[[ THE DATA open ]]

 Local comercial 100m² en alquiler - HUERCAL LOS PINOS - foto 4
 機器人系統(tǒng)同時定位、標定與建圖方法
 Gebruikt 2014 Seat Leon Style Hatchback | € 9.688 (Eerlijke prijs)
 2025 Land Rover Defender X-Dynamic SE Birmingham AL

[[ THE DATA closed ]]
[[ THE DATA open ]]

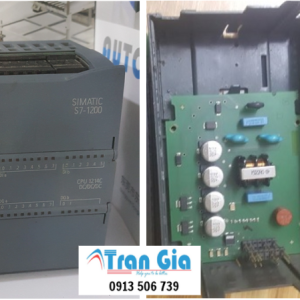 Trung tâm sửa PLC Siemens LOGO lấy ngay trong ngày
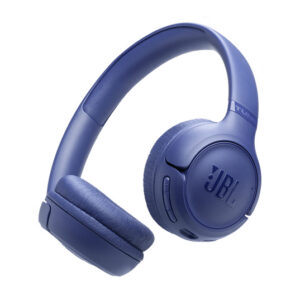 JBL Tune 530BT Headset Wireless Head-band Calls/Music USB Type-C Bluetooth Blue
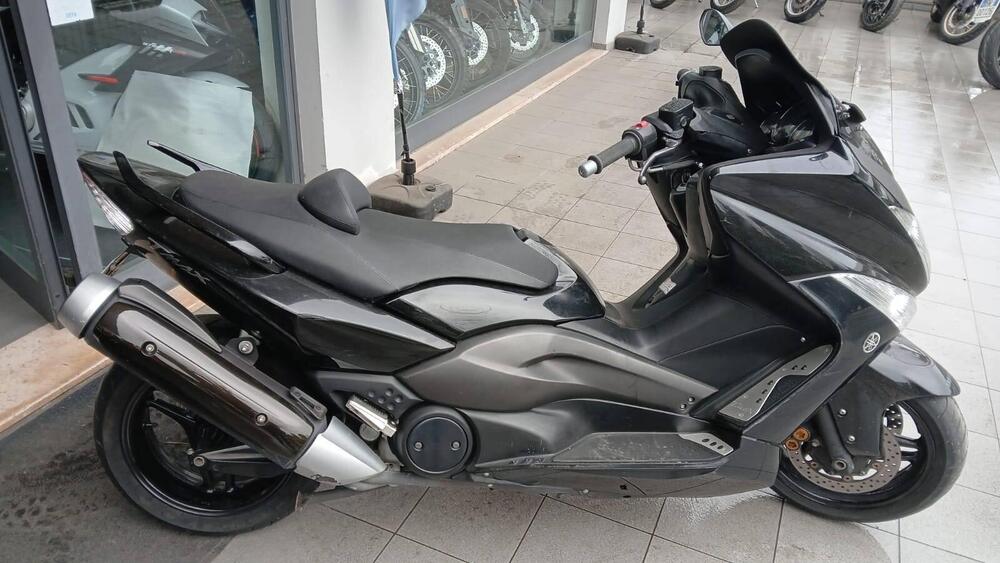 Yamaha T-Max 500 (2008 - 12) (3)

[[ THE DATA closed ]]
[[ THE DATA open ]]

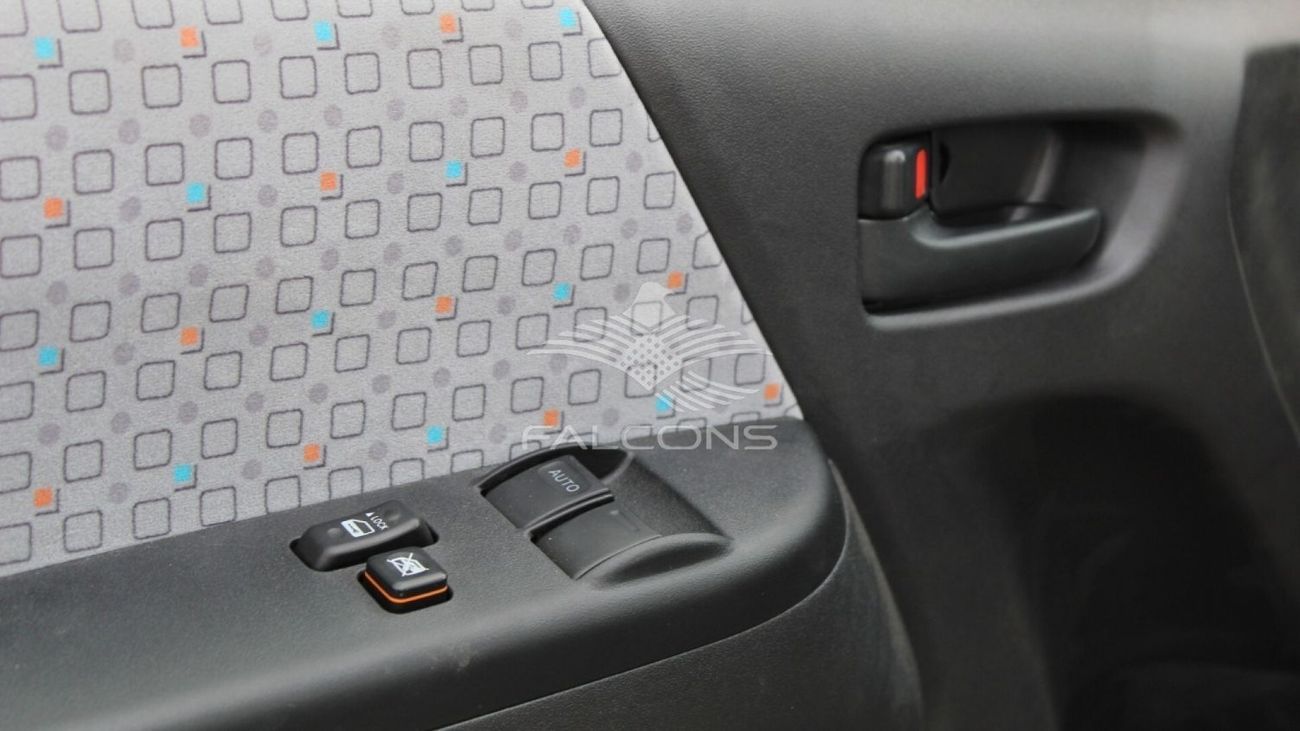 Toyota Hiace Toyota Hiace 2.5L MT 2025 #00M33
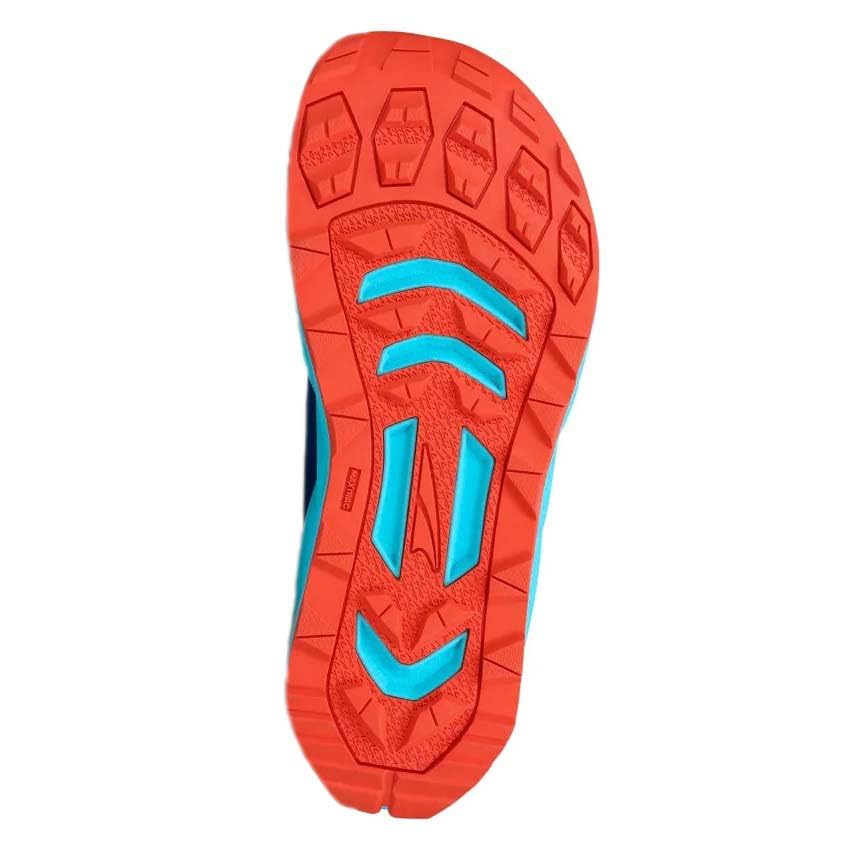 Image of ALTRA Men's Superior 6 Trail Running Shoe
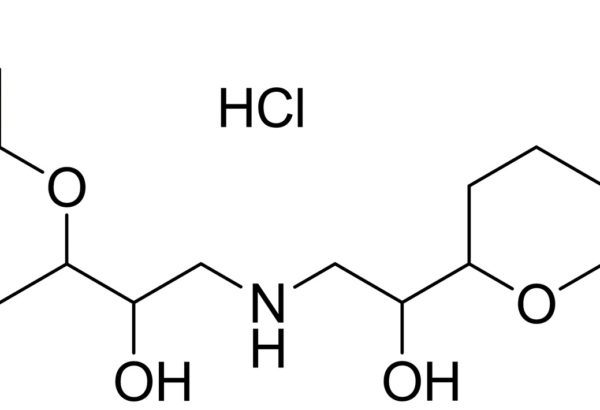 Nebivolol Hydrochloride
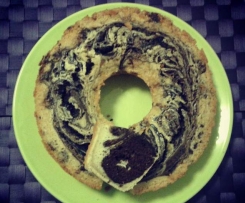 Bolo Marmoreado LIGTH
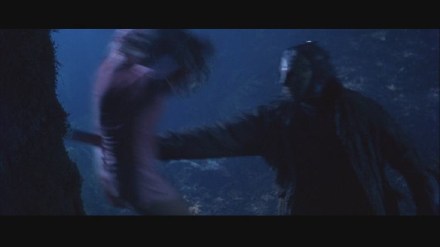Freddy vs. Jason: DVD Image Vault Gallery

[[ THE DATA closed ]]

[WHAT IS NEEDED]
The response should hold exactly the lines starting at the line with "Local comercial 100m²" and ending at the line with "2025 Land Rover", and no other line of the material above.

[WORKED SOLUTION]
 Local comercial 100m² en alquiler - HUERCAL LOS PINOS - foto 4
 機器人系統(tǒng)同時定位、標定與建圖方法
 Gebruikt 2014 Seat Leon Style Hatchback | € 9.688 (Eerlijke prijs)
 2025 Land Rover Defender X-Dynamic SE Birmingham AL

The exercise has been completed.